America's getting its revenge on England for that whole taxation-without-representation thing.
After a COVID-induced year off, the NFL returns to London this weekend for the start of a two-game international swing. The Jets will play the Falcons on Sunday, followed by the Jaguars taking on the Dolphins next week.
Yeah. As compelling matchups go, that's not exactly an elite quartet. If this were a Thanksgiving dinner, we'd be serving the Brits the limp asparagus, burnt pumpkin pie and mystery casserole from the far end of the table … after we explained what "Thanksgiving dinner" is, of course.
The NFL series is always a sort of how-bad-do-you-want-it version of football. Yes, we get 9:30 a.m. football on the East Coast … but it's generally two crappy teams. Granted, football in unexpected timeslots is always a bonus — remember how weirdly cool the Wednesday Ravens-Steelers game was last year? — but there's a catch. You get to watch football for about 14 straight hours … but you've got to start with a stinkfest that you wouldn't watch otherwise.
You know in your gut that the London Series always seems to pair up a couple bad teams, and you're right. Pro Football Talk has done the tough work of combing through every one of the 30 games played in London, including the two upcoming, and discovered this ugly stat:
Since beginning play in 2007, the NFL's London series has never matched two teams with winning records. Never.
Ten times, including the next two games, both teams have arrived in London with losing records. Six times, the game has paired a team with a winning record against another with a .500 record. Once, in 2016, the Bears and Buccaneers came in with identical 3-3 records. Every other time, the London Series has matched a team with a winning record against a sub-.500 squad.
The easy explanation for this is that the NFL is just offloading its junk to Great Britain, but that's not entirely true. Sometimes teams underperform!
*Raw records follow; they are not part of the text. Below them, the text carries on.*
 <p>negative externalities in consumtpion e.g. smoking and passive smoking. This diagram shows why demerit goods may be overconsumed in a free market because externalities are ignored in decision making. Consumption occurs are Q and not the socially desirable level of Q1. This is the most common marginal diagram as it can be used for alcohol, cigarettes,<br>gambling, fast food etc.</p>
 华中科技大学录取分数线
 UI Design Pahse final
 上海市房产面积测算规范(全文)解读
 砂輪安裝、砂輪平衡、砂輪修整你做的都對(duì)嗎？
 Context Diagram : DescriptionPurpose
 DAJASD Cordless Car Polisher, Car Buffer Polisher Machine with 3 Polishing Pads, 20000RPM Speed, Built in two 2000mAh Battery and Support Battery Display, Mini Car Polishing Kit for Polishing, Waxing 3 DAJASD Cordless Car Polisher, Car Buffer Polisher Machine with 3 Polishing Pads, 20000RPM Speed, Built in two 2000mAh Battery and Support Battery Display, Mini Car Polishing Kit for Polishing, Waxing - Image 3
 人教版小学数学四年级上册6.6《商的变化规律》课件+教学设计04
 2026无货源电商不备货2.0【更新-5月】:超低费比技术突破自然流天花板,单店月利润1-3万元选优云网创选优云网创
But more often, teams dragooned into playing are those without enough home-field sway to hold off the NFL's "request." Playing a game in London means giving up a lucrative home date, and few teams would willingly commit to losing one-eighth of their annual home-game revenues.
The 17th game, which makes for an unbalanced schedule, could have a dramatic downstream effect on the NFL's plans to play in London, Mexico City, and down the line, Germany or elsewhere. But that kind of speculation will have to wait until we're well out of pandemic protocols all over the world.
Plus, it's not like the terrible teams have impacted the British gate. Attendance at all London games regularly nears sellout levels, whether at 86,000-seat Wembley Stadium; 75,000-seat Twickenham Stadium; or the current venue, 63,000-seat Tottenham Hotspur Stadium. Imagine how psyched the Brits would be if they could see the one-appearance-apiece Chiefs or Bills regularly!
Finally, a bit of trivia. First, you already know which team has played the most times overseas: the Jacksonville Jaguars — seven times before this year, with a record of 3-4. That's due to the agreement the NFL and the Jaguars struck to play an annual home game in London. (That agreement led to the strong belief that the Jags would be picking up stakes and moving to London for good. For now, that's on hold; plus, the Jaguars have a whole lot more pressing problems to deal with.)
The teams with the best records in London? That would be the Patriots — continuing a 240-plus-year unbeaten streak in matters involving patriots and England — Vikings, Saints, Giants and 49ers, all undefeated on foreign soil at 2-0. The worst team? Tampa Bay, which is 0-3 in its London journeys.
The only team never to have played in London? That would be the Green Bay Packers. The reasons why are obvious: the Packers don't want to give up a home date, since they're so crucial to the local economy. Home teams who have the Packers coming in town don't want to miss out on the revenue of traveling Packers fans. NBC's Peter King speculated back in April 2019 that the Packers could be playing in London as early as 2020, but, well, you know what happened there.
So as you tune into the next two weekends' London games, which will feature teams with (at the moment) a combined three wins, remember … at least it's American football.